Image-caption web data
:::::

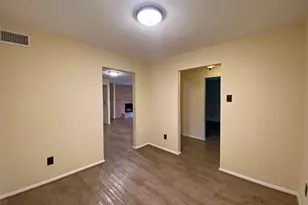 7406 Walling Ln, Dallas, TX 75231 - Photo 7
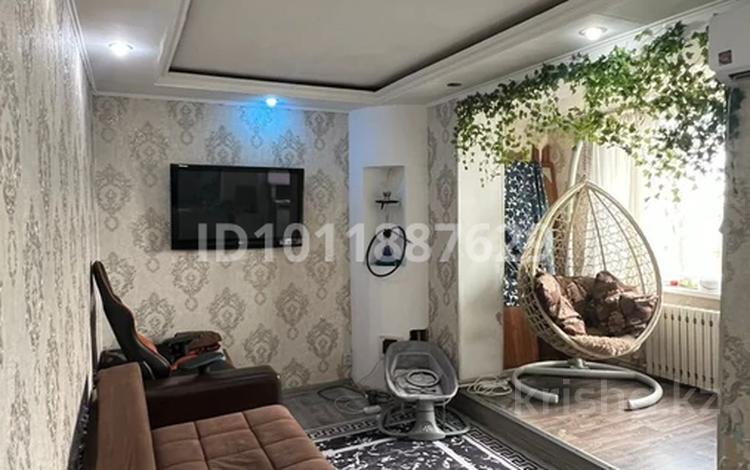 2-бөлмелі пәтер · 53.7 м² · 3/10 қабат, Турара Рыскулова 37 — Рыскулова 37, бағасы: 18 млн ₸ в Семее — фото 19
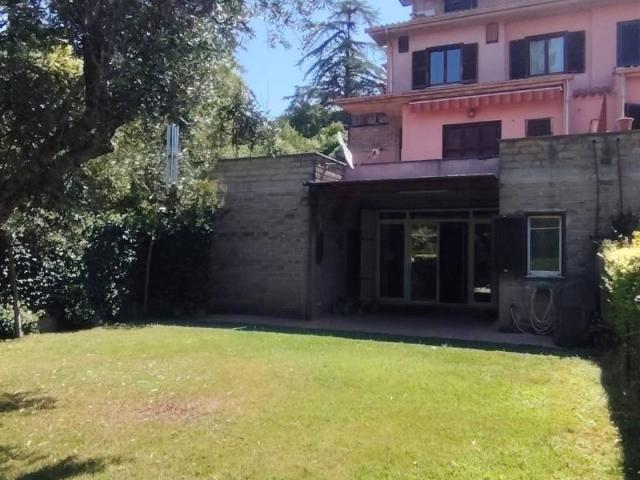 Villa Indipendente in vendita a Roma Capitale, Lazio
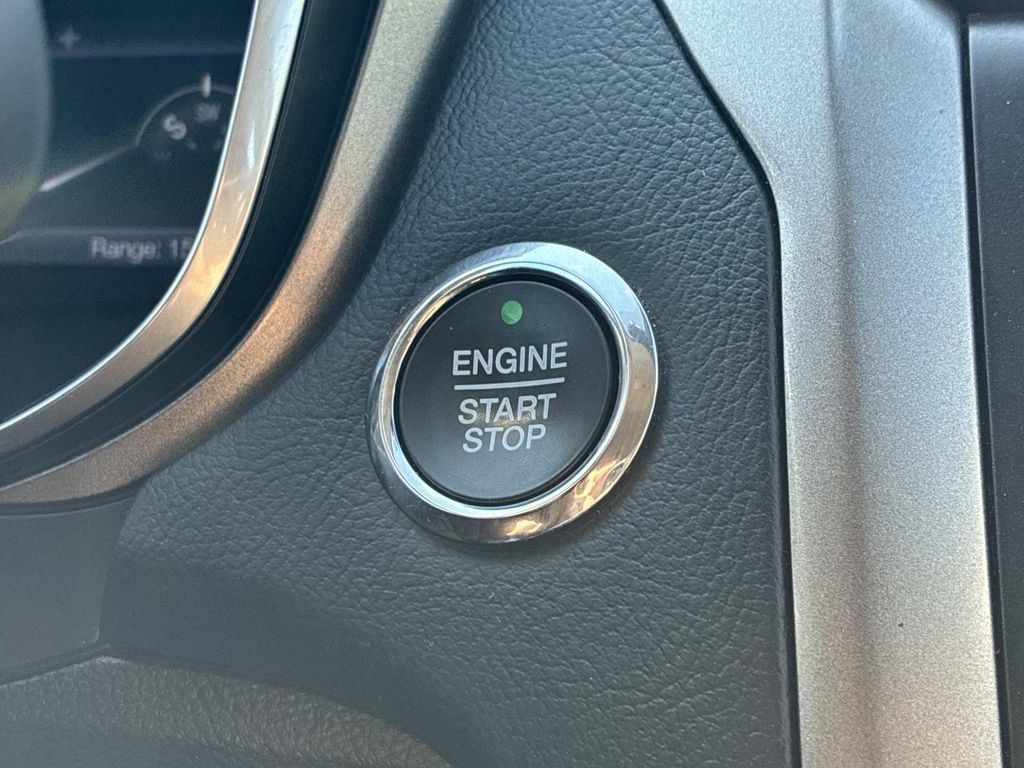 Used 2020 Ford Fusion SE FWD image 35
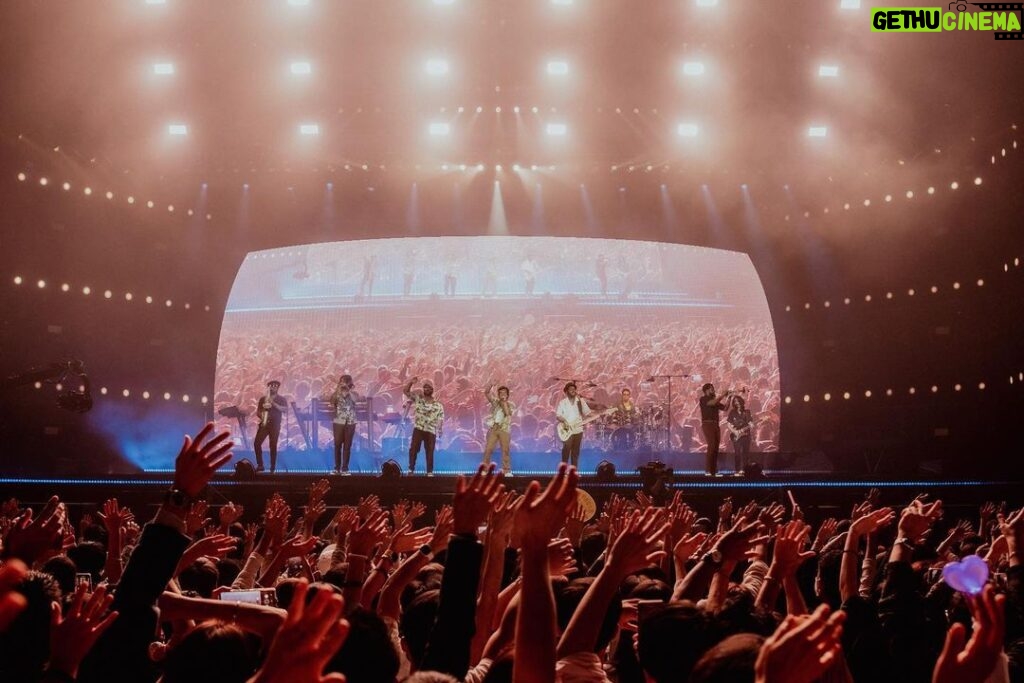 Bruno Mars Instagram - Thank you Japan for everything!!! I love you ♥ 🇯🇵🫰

:::::

• Task instructions:
A picture must not appear in the copy. Transcribe exactly the lines from the one with "Villa Indipendente in" through the final line of the entries, both included, and no more.

• Output for this exercise:
 Villa Indipendente in vendita a Roma Capitale, Lazio
 Used 2020 Ford Fusion SE FWD image 35
 Bruno Mars Instagram - Thank you Japan for everything!!! I love you ♥ 🇯🇵🫰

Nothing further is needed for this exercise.